EXERCISE DIRECTIONS: Word for word, give the data again without its pictures.

=== Section Start ===

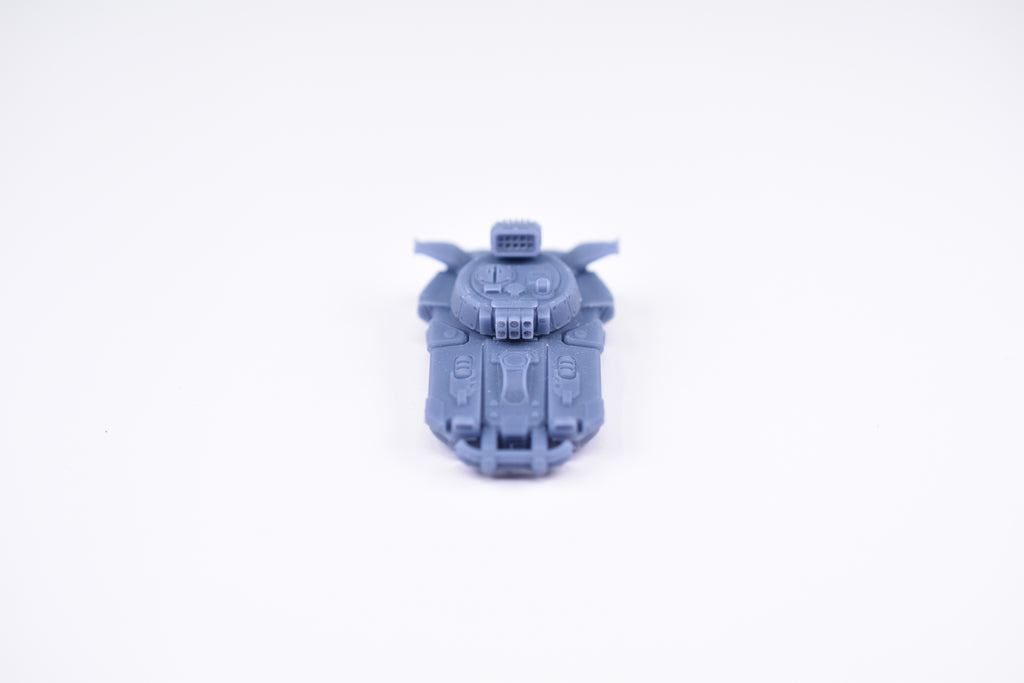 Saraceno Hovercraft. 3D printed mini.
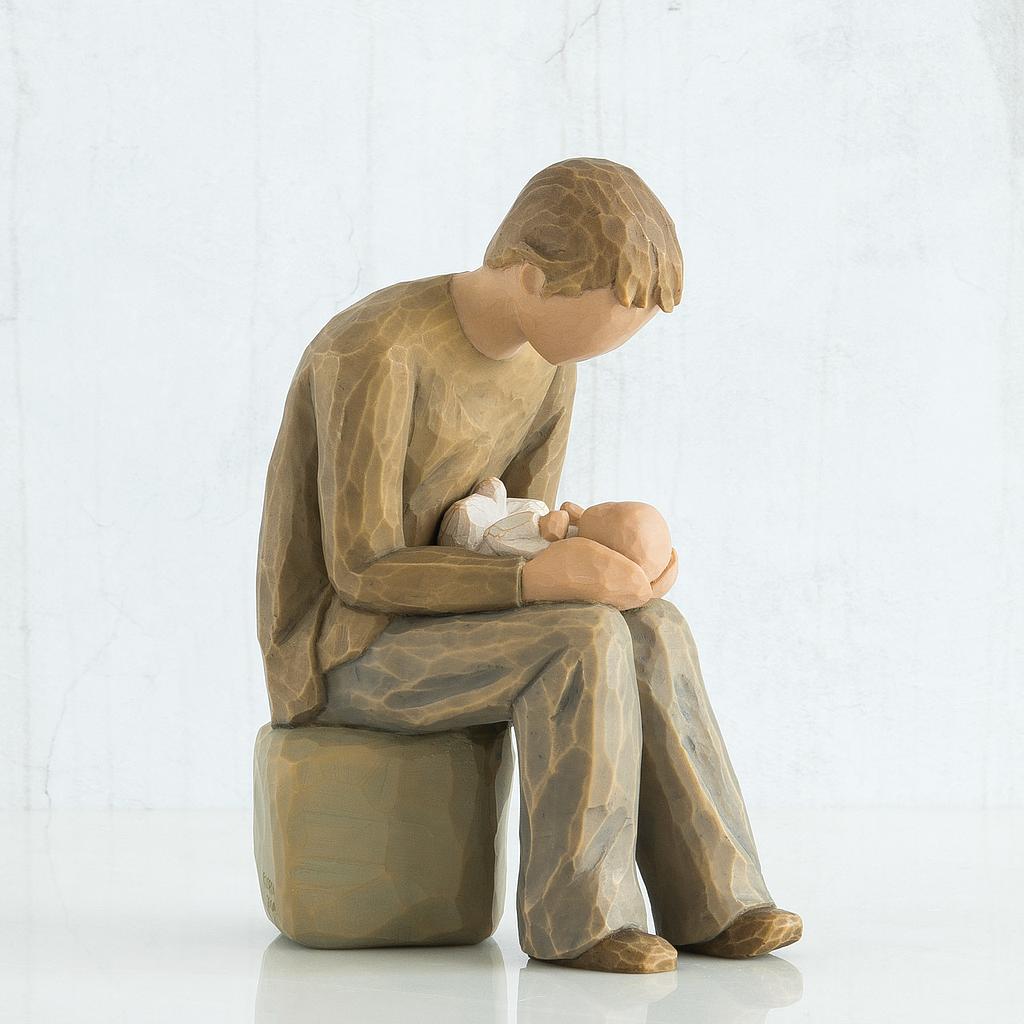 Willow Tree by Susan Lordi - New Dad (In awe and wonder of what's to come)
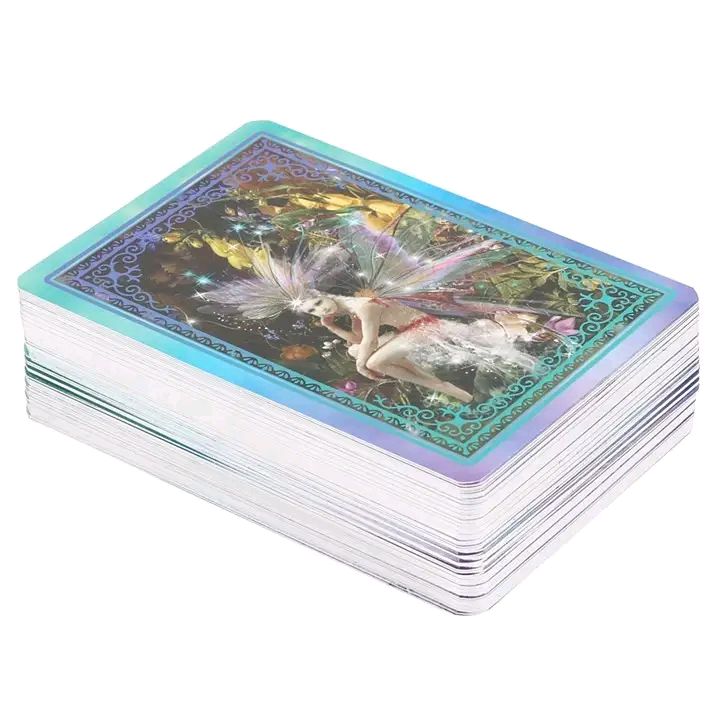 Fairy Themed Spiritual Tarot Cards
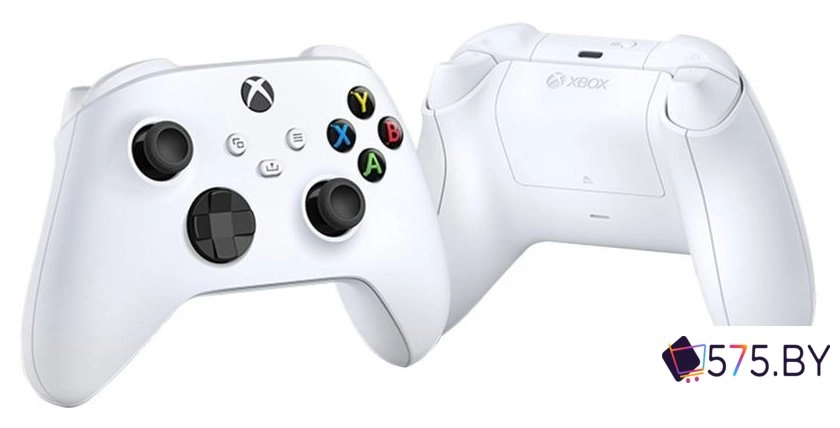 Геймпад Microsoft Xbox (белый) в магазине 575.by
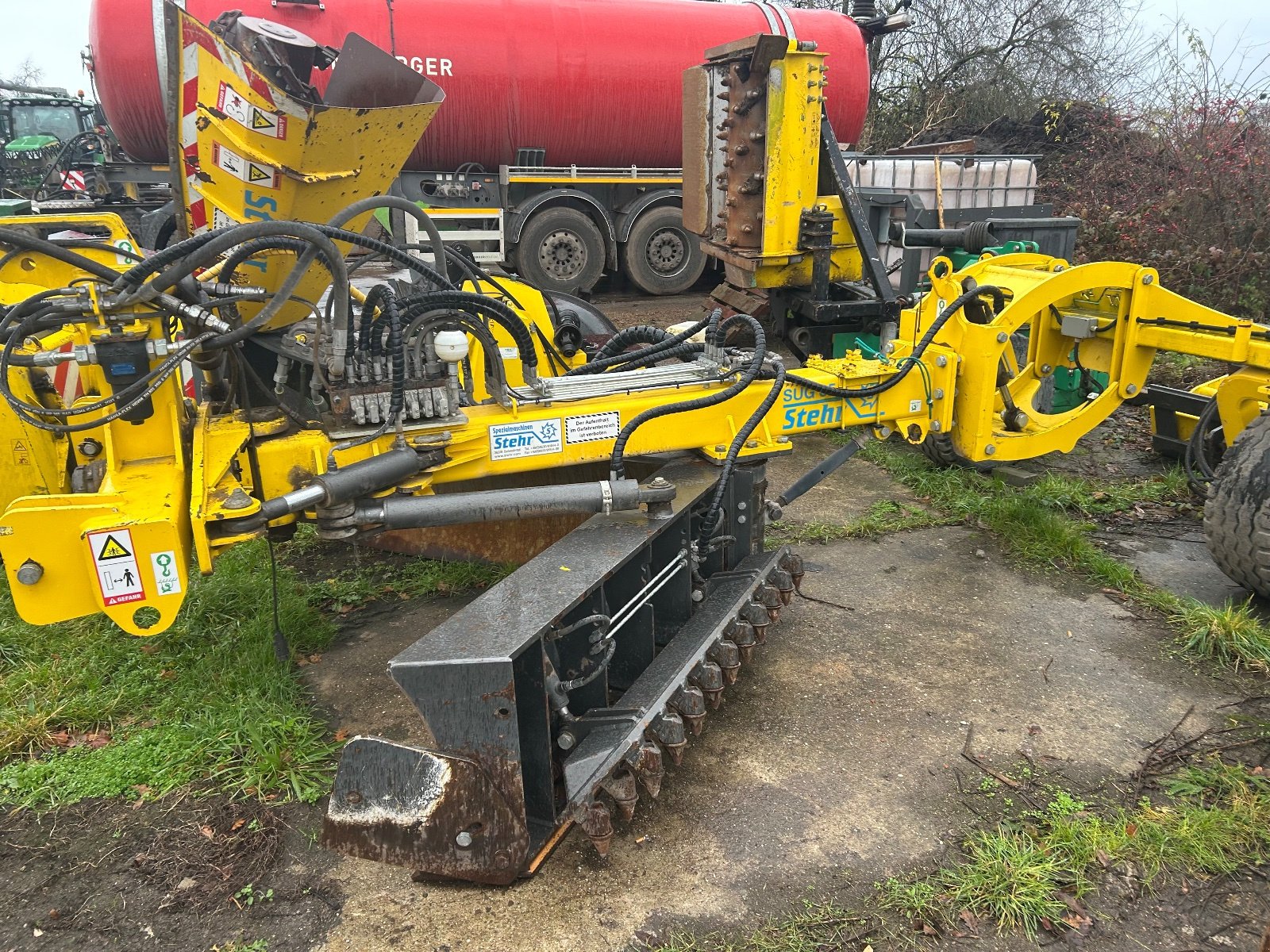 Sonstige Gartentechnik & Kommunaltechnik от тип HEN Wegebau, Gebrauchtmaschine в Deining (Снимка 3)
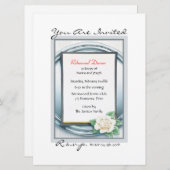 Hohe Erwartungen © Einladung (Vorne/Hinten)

=== Section End ===

TASK RESULT:
 Saraceno Hovercraft. 3D printed mini.
 Willow Tree by Susan Lordi - New Dad (In awe and wonder of what's to come)
 Fairy Themed Spiritual Tarot Cards
 Геймпад Microsoft Xbox (белый) в магазине 575.by
 Sonstige Gartentechnik & Kommunaltechnik от тип HEN Wegebau, Gebrauchtmaschine в Deining (Снимка 3)
 Hohe Erwartungen © Einladung (Vorne/Hinten)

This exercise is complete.